La seconde coupure publicitaire est une forme de vulgarité, de mépris pour l’œuvre, pour le téléspectateur, que le Gouvernement disait, voilà quelques articles, vouloir libérer de l’intoxication publicitaire.
Il y a deux poids, deux mesures pour deux secteurs de l’audiovisuel : le public et le privé. Il y a deux poids, deux mesures et une seule victime : le téléspectateur. Le client du privé sera victime du matraquage publicitaire sans aucun égard ; l’usager du public pâtira de la fragilisation des budgets des services publics de télévision et de radio.

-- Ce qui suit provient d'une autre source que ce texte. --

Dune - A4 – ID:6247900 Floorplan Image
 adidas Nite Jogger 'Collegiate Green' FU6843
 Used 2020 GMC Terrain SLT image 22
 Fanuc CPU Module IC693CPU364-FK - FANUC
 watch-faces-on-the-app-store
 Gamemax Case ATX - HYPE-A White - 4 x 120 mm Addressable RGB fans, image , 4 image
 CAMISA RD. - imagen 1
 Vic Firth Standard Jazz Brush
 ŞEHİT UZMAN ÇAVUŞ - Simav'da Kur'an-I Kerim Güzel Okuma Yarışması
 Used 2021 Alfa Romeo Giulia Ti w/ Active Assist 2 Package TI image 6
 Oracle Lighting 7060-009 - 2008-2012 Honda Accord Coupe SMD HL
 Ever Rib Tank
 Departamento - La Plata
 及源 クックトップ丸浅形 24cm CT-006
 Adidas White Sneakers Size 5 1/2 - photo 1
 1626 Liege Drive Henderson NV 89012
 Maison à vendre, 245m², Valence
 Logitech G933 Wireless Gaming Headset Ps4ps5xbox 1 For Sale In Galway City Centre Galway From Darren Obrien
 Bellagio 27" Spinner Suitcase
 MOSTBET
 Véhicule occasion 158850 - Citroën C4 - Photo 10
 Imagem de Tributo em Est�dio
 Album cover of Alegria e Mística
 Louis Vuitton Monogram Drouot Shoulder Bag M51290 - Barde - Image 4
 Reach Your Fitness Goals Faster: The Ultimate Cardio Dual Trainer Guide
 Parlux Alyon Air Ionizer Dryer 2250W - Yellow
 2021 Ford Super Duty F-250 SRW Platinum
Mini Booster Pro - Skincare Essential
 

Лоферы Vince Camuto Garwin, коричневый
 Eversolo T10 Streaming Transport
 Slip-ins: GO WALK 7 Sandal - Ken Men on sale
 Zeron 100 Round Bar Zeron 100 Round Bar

Vos dénégations ont résonné cruellement pour les salariés de RFI, à qui le plan social dévastateur vient d’être annoncé, à peine la restructuration de l’audiovisuel extérieur débattue dans notre hémicycle.
Le citoyen est victime d’une altération du patrimoine cinématographique diffusé et, circonstance aggravante, les petites salles de cinéma sont fragilisées, y compris par vos intentions pour le CNC.
Les films de Visconti que vous évoquiez, madame la ministre, ne seront-ils visibles par nos enfants qu’en otages de l’agroalimentaire ou des produits lessiviels ?
Cette semaine, nous avons entendu les orateurs de l’UMP lancer des appels pour le service public, appel à la modernité, à la télévision du XXIe siècle, au dynamisme que confèrerait l’entreprise unique pour résister au milieu de centaines de chaînes.
Si telle est vraiment votre intention, vous ne pouvez pas combler de privilèges TF1 et M6, même si leurs dirigeants sont vos amis, aux dépens de France 2, de France 3 et de France 5, dont vous avez la responsabilité.